**Problem statement**
Give again, unaltered, the line with "Shop Hair Sci" and all lines that follow it in the listing below, minus any pictures.

**Exercise data**

──────────────────────────────

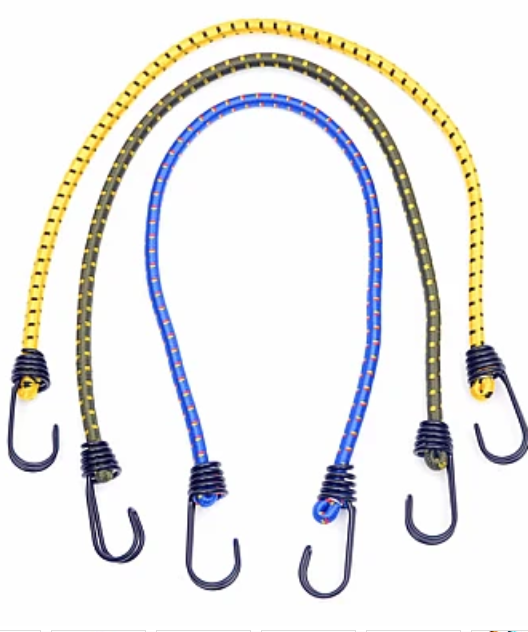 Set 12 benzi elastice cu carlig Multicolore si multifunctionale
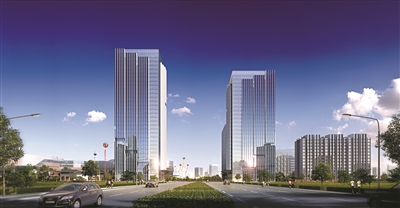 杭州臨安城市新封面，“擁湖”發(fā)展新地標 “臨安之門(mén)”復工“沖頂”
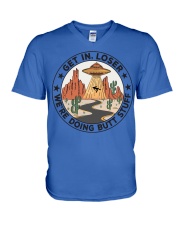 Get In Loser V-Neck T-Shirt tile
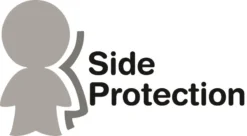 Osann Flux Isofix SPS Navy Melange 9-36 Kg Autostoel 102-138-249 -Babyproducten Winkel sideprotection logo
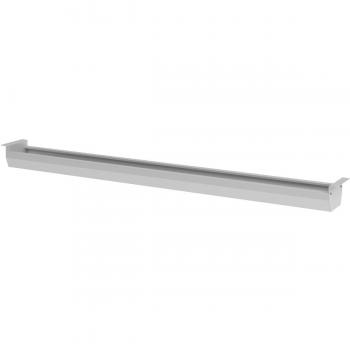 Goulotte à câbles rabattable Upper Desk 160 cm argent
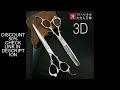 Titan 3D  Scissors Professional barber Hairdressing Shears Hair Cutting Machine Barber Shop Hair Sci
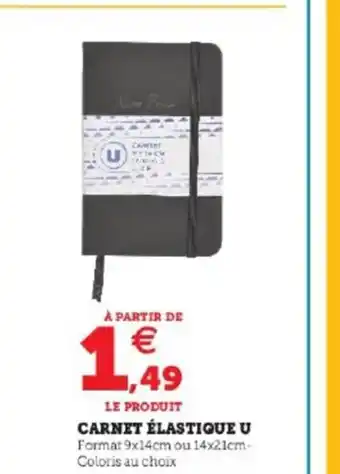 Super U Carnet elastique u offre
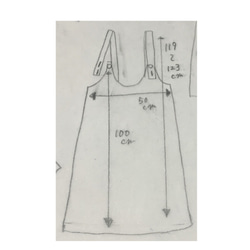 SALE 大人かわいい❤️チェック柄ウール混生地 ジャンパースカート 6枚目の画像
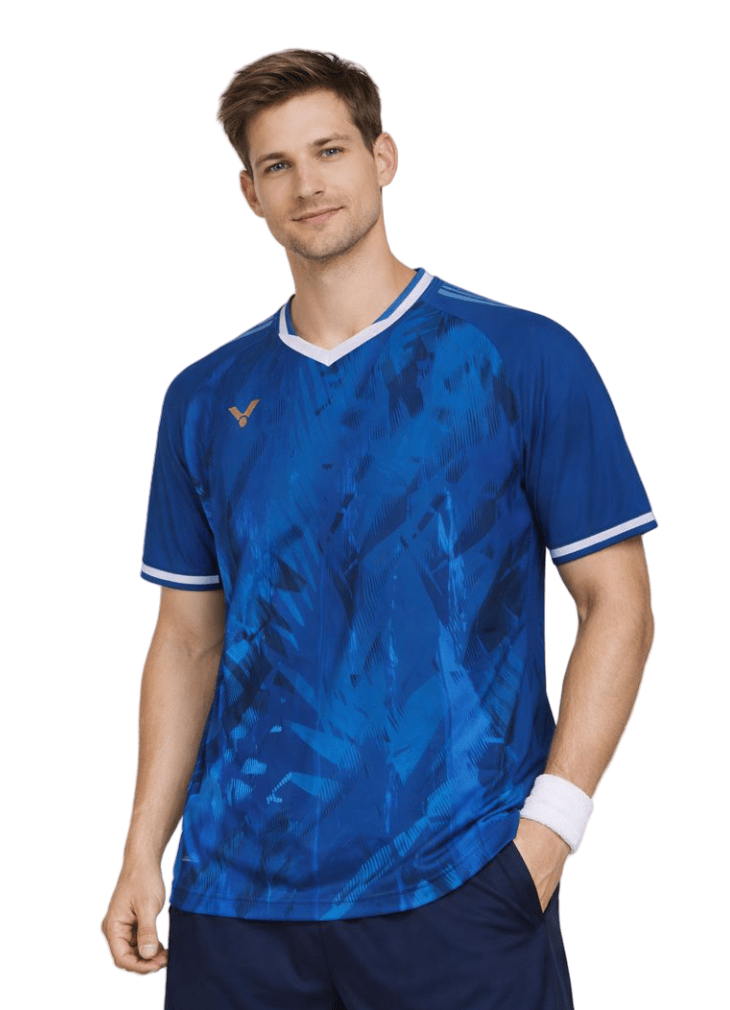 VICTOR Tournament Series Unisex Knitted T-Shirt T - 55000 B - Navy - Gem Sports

──────────────────────────────

**Exercise answer**
 Titan 3D  Scissors Professional barber Hairdressing Shears Hair Cutting Machine Barber Shop Hair Sci
 Super U Carnet elastique u offre
 SALE 大人かわいい❤️チェック柄ウール混生地 ジャンパースカート 6枚目の画像
 VICTOR Tournament Series Unisex Knitted T-Shirt T - 55000 B - Navy - Gem Sports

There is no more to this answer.